### Required action
In the records below, find the line containing "Ava Presley 42261", then copy that line and all lines after it, exactly, omitting every picture.

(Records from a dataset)
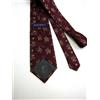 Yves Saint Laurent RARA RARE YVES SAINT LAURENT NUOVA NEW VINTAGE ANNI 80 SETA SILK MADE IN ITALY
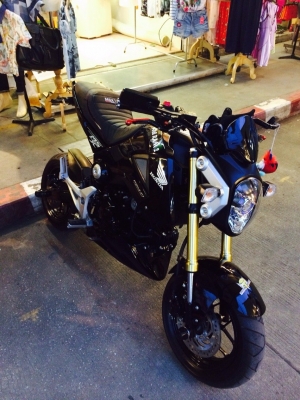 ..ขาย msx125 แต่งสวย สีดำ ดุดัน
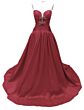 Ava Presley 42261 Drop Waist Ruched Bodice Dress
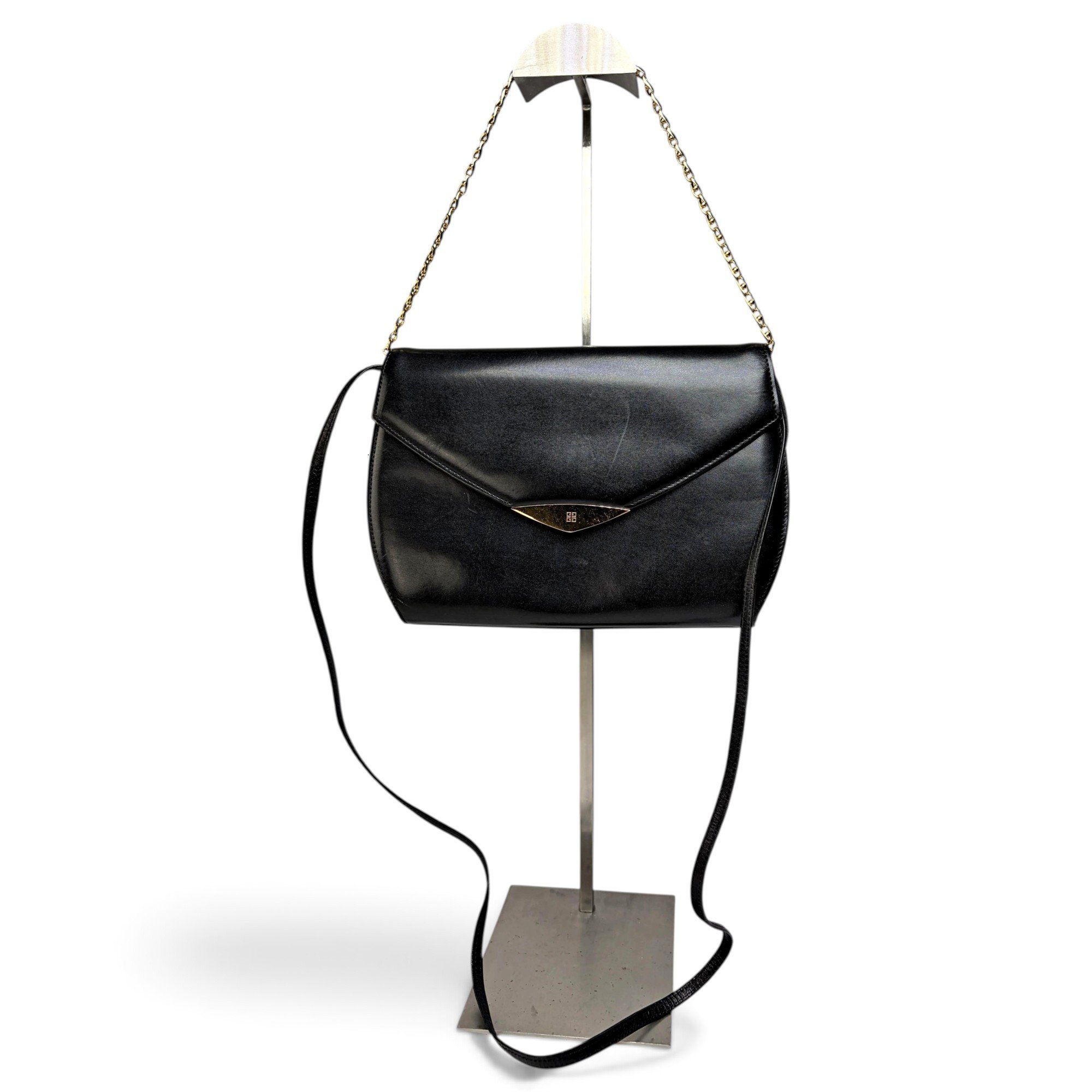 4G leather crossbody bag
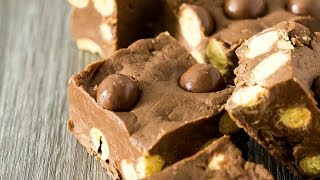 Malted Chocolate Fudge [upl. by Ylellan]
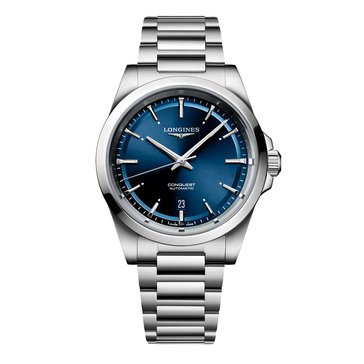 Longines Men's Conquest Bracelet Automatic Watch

### Answer area
 Ava Presley 42261 Drop Waist Ruched Bodice Dress
 4G leather crossbody bag
 Malted Chocolate Fudge [upl. by Ylellan]
 Longines Men's Conquest Bracelet Automatic Watch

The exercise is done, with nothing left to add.